My weblog ELECTRON BLUE, which concentrated on science and mathematics, ran from 2004-2008. It is no longer being updated. My current blog, which is more art-related, is here.

Wed, 05 Jul, 2006

Science Religion Imagination Realities, part 1

There's so much talk and writing about the conflict of science and religion these days that I hesitate to say anything about it here. Not only would I inevitably offend someone, but I would once and for all reveal myself to be a "deluded" religious believer, unworthy to enter into the rigorous world of science. Nevertheless, I feel compelled to say something about it. I see a lot of brilliant people who just don't get it. What do I mean by this? It's going to take more than one Electron posting to set it all down. If you are bored by all this, then please mosey on over to the Edge where the really brilliant people in science and philosophy talk about this subject, and some of them actually do "get it," for instance the physicist Lawrence Krauss. I will sound silly compared to these people. But here I am anyway.

The usual "liberal" approach to the question of whether science and religion are in conflict is the now-classic "dual magisteria" form taken by the late Steven Jay Gould in his book, ROCKS OF AGES. In this small volume, Gould patiently states that religion and science belong to two different spheres, each with its own appropriate way of thinking. The wrongness and conflict happen when one of these spheres attempts to enforce its way on the other, rather than remaining within itself. So that if scientists try to impose their way of thought on religion, that's not right, and if the religious believers try to impose their way on science, that's very wrong.

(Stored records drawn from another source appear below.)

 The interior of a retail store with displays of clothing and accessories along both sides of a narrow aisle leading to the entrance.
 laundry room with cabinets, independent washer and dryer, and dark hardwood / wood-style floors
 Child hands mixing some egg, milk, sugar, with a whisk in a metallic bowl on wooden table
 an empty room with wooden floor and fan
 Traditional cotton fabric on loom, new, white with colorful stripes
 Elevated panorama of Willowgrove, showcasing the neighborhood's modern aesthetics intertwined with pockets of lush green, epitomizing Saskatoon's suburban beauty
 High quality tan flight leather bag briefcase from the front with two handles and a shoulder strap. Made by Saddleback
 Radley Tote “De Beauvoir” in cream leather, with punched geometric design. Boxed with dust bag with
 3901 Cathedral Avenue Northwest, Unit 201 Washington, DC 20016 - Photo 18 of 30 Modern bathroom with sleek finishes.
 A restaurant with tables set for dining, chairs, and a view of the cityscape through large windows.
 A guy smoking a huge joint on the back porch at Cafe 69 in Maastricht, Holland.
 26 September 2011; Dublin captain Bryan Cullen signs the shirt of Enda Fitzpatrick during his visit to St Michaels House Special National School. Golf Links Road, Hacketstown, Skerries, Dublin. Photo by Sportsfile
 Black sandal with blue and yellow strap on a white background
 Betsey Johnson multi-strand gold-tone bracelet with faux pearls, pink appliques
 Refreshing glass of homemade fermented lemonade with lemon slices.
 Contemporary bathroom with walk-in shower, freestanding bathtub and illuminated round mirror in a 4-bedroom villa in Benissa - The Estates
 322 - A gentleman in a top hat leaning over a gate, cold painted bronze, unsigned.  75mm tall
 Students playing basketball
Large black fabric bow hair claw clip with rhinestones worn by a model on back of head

But of course that's what happens all the time, and it's happening now as it has for the last few hundred years since the rise of exact and rational science. Religion states a "cosmology," that is a story about the origin of the universe. Religion also assumes that miracles which defy the laws of science, such as resurrections from the dead, happen in the "real world." Thus scientists claim that these assumptions and stories can be proven wrong by science. The claims of religion can and should be tested with the experimental method of science, and if they don't hold up, then they should be discarded as a scientific hypothesis would be.

Meanwhile, religious believers in recent centuries (again, since the rise of rationalism) have devised "scientific" or more accurately pseudo-scientific justifications for their religious beliefs, most recently Creationism and "intelligent design." Biblical literalism in its current form is, paradoxically, a product of rationalism. It's an attempt to make rational sense out of something which came from a pre-modern and essentially pre-rational culture.

So far I haven't said anything that anyone else writing about this wouldn't say, and I run the risk of being boring. Many, perhaps most outspoken scientist-writers are atheists, and some of them insist that a true scientist must be an atheist. Nothing in belief should be held without experimental proof, and if experimental proof fails to give positive results, the belief, whether in God or any other religious claim, should be discarded. The more tolerant members of the scientific community are willing to admit that in some rare cases, religion might improve people's lives and lead to ethical, helpful behavior, but that's all the support they can admit for it.

Meanwhile, the fundamentalists and the creationists, who use the media and words brilliantly and who are skilled at manipulating people's hopes and fears, have so dominated the public view of religion that a pro-science, pro-evolution religious view is nearly impossible to stand up for. The scientific types, who are threatened by the fundamentalists and creationists, naturally use their powers to combat this type of religion. If I, or anyone else, complains that the scientists are mistaking the nature of religion, I am told that their conflict is with the fundamentalists and the creationists and that I should not mistakenly think that they are criticizing ALL religion (though I have heard words exactly to this effect by many scientists), and basically I should shut up. Not that I have much of an influential voice in any of this anyway.

Are we stuck with Gould's mild-mannered "separate but equal" program, where science goes on doing its thing in the laboratories and telescopes and space probe missions and geological expeditions, while religion should stay home with humanity and take care of people's ethical and social problems? I don't disagree with Gould, but I have quite a different outlook on that solution. It is a highly personal solution that I wouldn't wish on anyone else, but in my next entry I'll share it with you anyway.